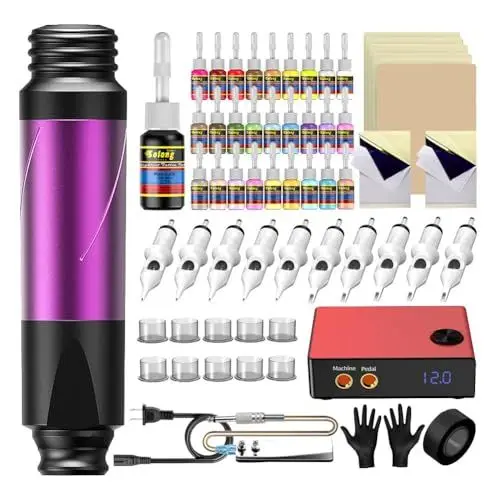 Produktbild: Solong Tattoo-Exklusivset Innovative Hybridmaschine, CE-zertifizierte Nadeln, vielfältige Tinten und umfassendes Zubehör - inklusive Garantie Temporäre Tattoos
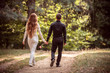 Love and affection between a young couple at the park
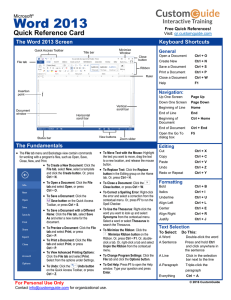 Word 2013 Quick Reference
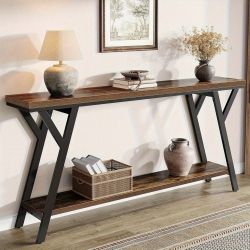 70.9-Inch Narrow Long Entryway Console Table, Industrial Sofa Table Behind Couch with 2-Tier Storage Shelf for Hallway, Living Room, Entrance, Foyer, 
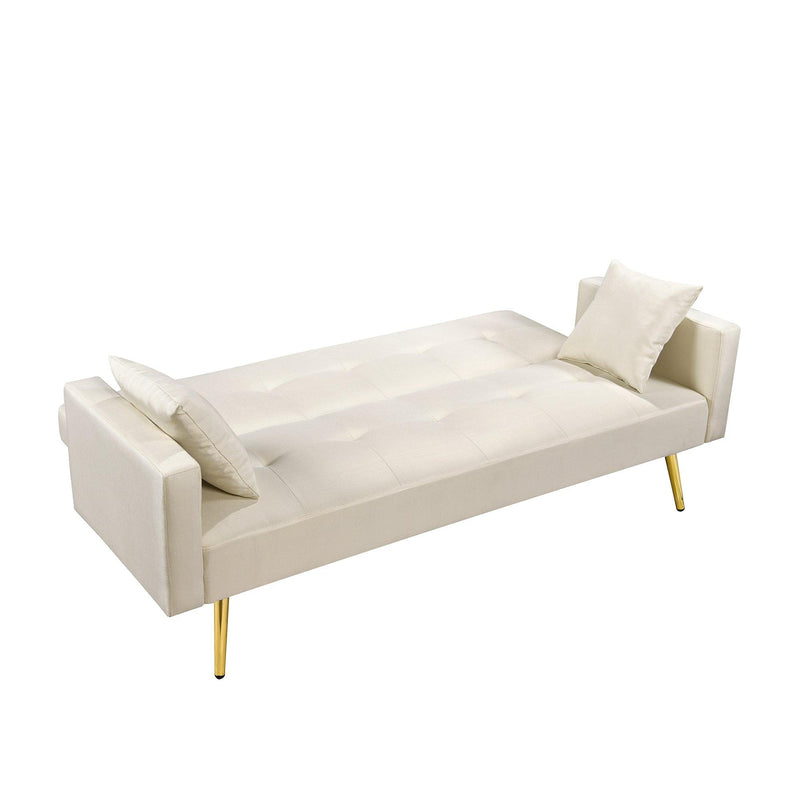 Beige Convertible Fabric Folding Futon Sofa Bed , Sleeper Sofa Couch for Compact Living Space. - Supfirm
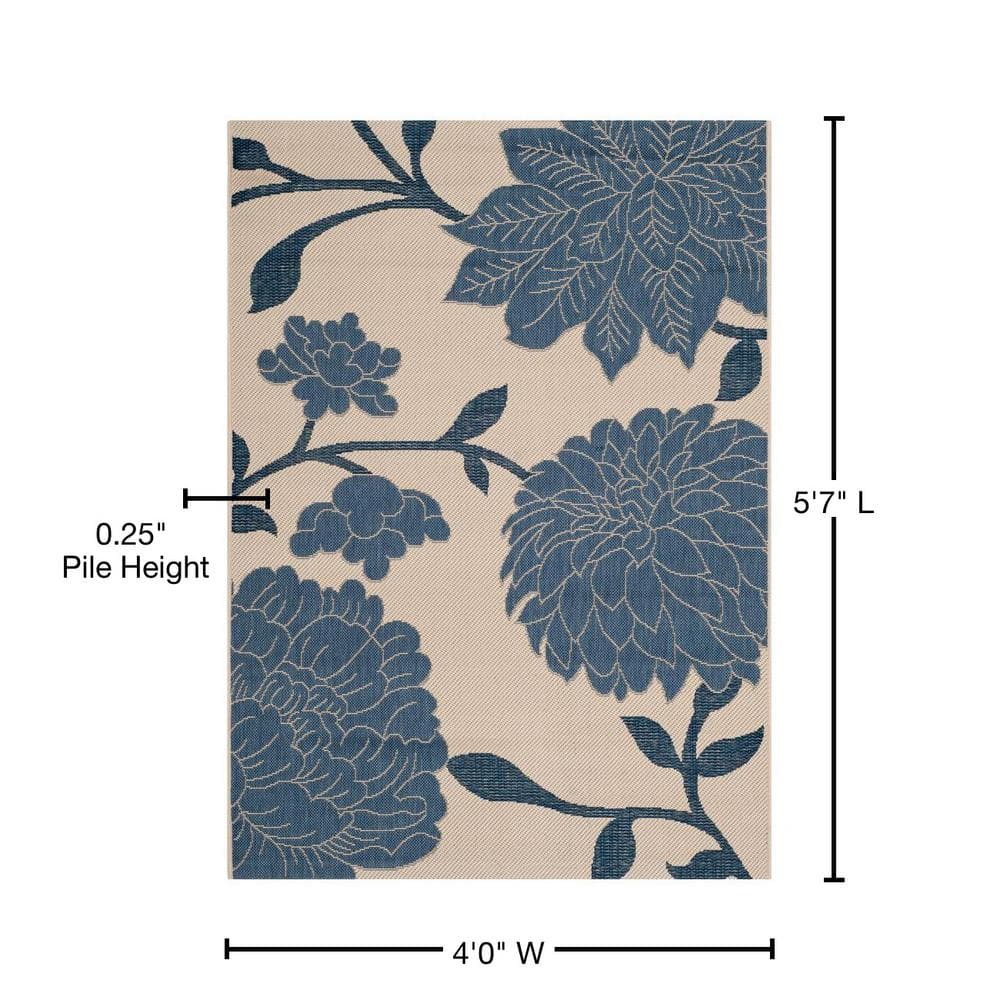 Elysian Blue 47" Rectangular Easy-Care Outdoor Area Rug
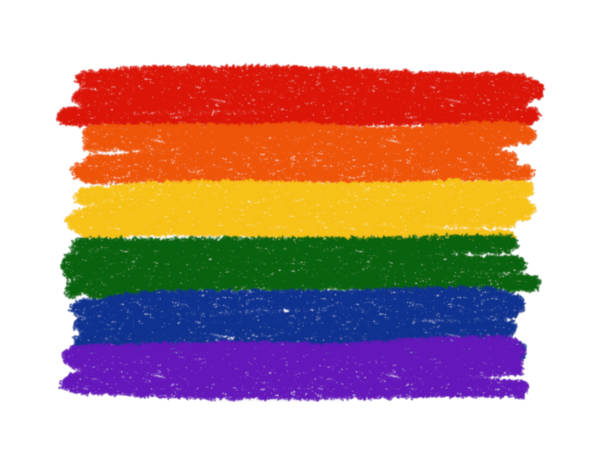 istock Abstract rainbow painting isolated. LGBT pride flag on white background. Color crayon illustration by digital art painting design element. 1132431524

Your instructions: Would you please output each record exactly, leaving the images out?

Answer to this exercise:
 Produktbild: Solong Tattoo-Exklusivset Innovative Hybridmaschine, CE-zertifizierte Nadeln, vielfältige Tinten und umfassendes Zubehör - inklusive Garantie Temporäre Tattoos
 Love and affection between a young couple at the park
 Word 2013 Quick Reference
 70.9-Inch Narrow Long Entryway Console Table, Industrial Sofa Table Behind Couch with 2-Tier Storage Shelf for Hallway, Living Room, Entrance, Foyer, 
 Beige Convertible Fabric Folding Futon Sofa Bed , Sleeper Sofa Couch for Compact Living Space. - Supfirm
 Elysian Blue 47" Rectangular Easy-Care Outdoor Area Rug
 istock Abstract rainbow painting isolated. LGBT pride flag on white background. Color crayon illustration by digital art painting design element. 1132431524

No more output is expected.